**Directions:**
In the records that follow, find each line with the word "Christmas" and copy it.

Brief descriptive captions:
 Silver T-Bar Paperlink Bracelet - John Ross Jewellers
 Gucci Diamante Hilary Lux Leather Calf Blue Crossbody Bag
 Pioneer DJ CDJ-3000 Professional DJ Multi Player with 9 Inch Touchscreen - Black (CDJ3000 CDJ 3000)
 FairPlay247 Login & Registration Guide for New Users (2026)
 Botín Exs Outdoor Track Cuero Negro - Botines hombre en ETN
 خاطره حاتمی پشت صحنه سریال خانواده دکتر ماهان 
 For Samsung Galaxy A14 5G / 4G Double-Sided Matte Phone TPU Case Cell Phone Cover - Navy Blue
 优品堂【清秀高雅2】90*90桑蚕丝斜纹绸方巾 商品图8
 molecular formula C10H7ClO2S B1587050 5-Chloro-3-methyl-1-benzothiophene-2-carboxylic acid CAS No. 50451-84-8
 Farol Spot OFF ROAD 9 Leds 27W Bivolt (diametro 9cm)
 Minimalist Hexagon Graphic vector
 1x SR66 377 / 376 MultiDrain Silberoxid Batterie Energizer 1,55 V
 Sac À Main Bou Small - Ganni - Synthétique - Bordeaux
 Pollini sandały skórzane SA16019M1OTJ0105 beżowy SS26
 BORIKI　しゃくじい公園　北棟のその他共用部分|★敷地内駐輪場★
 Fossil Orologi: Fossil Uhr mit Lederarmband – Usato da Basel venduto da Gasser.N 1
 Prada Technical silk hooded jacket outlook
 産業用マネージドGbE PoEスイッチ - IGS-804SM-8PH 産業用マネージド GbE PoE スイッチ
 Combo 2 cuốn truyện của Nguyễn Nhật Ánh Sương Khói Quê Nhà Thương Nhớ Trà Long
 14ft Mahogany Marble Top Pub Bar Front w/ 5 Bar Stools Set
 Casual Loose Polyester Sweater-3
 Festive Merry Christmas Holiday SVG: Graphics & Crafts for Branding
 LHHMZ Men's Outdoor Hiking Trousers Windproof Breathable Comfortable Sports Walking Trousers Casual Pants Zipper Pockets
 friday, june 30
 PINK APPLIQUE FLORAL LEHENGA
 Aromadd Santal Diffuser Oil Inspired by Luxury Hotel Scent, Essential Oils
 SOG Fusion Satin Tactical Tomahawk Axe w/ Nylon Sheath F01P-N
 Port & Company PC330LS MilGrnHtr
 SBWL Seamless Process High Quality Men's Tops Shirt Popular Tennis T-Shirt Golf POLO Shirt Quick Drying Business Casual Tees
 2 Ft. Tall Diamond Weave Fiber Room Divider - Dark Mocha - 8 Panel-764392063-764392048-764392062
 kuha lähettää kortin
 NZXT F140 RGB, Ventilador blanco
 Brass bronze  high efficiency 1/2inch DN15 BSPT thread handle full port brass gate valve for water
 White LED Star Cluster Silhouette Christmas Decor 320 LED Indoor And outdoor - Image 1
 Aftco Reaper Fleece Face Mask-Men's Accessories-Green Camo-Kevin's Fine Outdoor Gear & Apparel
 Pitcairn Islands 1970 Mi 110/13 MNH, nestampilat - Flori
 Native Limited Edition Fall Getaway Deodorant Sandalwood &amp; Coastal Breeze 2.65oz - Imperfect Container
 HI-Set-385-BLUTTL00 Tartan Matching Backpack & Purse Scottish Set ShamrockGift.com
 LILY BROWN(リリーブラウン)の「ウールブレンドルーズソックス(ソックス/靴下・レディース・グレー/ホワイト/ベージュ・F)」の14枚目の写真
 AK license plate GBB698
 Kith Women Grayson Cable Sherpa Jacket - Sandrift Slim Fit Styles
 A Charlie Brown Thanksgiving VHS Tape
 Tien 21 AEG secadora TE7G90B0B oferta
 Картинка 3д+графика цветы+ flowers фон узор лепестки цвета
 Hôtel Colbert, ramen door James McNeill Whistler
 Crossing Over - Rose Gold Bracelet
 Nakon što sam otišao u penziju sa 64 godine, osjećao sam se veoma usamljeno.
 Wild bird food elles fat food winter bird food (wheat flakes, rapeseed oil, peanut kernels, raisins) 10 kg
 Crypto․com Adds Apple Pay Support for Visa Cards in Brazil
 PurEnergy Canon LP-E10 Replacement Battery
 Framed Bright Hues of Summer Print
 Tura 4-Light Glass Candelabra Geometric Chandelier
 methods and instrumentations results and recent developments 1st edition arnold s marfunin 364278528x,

**Answer below:**
 Festive Merry Christmas Holiday SVG: Graphics & Crafts for Branding
 White LED Star Cluster Silhouette Christmas Decor 320 LED Indoor And outdoor - Image 1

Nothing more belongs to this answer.